Wird Draghi Premier, dürfte vor allem die Kommunikation mit der breiten Öffentlichkeit eine große Herausforderung für ihn werden. Als EZB-Präsident hat er sich sehr zurückgehalten, kaum Interviews gegeben. Wichtig war ihm vor allem, von den Märkten verstanden zu werden.

Umstrittener Führungsstil

In seinen Reden konzentrierte er sich darauf, Anleihehändler, Analysten und Ökonomen anzusprechen. Dabei zog er bewusst eine Grenzlinie zur Politik. „Sobald man das Publikum ändert, ändert sich auch die Sprache, und man betritt neues Terrain: das Terrain der Politik“, sagte er einmal. In Zukunft muss Draghi sich umstellen.

Auch sein Führungsstil bei der EZB war umstritten. Kritiker hatten ihm immer wieder vorgeworfen, dass er Entscheidungen lieber in kleinem Kreis getroffen und die Kollegen aus dem EZB-Rat vor vollendete Tatsachen gestellt habe. Anders als die aktuelle EZB-Chefin Christine Lagarde, die sehr viel Wert auf Konsens legt, hat Draghi wichtige Entscheidungen auch gegen viele Widerstände durchgeboxt.

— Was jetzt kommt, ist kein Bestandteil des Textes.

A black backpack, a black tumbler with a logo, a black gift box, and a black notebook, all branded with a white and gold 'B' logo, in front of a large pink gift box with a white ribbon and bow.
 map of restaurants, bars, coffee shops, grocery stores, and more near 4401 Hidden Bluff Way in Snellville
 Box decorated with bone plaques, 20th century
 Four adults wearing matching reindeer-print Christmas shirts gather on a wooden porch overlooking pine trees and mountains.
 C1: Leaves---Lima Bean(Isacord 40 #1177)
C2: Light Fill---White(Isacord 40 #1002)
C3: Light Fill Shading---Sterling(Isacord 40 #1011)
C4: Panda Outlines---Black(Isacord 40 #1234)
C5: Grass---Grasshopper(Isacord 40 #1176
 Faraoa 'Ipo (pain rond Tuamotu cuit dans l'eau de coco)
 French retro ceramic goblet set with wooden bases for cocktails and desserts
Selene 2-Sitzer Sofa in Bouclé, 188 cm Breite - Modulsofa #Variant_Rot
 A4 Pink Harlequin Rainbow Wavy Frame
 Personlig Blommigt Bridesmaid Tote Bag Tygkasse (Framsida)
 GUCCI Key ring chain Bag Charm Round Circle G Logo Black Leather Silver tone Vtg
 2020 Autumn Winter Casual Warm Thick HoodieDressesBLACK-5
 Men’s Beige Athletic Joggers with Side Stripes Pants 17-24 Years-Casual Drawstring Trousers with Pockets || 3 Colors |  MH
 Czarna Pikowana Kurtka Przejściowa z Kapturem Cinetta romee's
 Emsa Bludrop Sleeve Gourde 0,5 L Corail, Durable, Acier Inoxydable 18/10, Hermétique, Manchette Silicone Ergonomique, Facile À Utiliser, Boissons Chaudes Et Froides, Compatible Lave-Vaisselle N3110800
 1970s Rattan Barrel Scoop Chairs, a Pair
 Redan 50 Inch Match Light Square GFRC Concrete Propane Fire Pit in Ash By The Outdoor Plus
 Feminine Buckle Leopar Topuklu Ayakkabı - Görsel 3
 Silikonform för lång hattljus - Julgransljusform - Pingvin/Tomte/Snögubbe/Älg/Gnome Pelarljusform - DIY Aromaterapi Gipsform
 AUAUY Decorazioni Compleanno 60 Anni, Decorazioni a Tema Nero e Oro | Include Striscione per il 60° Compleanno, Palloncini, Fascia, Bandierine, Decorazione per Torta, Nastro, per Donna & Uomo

Sein größtes Verdienst ist zweifelsohne Europas Kampf gegen die Finanzkrise. Draghi flutete Europa mit Krediten zum Nulltarif, kaufte Anleihen in Billionenhöhe von den Ländern, später auch von Firmen. Selbst wenn seine „Bazooka“ die Euro-Zone stabilisiert hat, die Banken- damit nicht zur Unternehmenskrise wurde: Draghi sorgte mit seiner Geldpolitik auch dafür, dass sich für Europas Bürger das Sparen kaum noch lohnt – und heute bei vielen Banken gar ein Negativzins fällig wird.

Erste Namen fürs Kabinett kursieren

Nun muss Draghi in die Tiefen des Parlamentarismus abtauchen. Er braucht eine starke Mannschaft, um eine Mehrheit im Parlament zu bekommen. Schon jetzt ist aber klar, dass neben der alten Regierung auch ein Großteil von Berlusconis Mitte-rechts-Partei Forza Italia aus der Opposition ihn unterstützen würde.

Es gibt bereits wilde Spekulationen um die Namen für ein technisches Draghi-Kabinett, das vor allem ein Gremium aus Experten werden könnte. Als Finanzminister wird etwa Fabio Panetta gehandelt, Mitglied im EZB-Exekutivrat. Als Justizministerin taucht der Name Marta Cartabia auf, bis 2020 Richterin am italienischen Verfassungsgericht.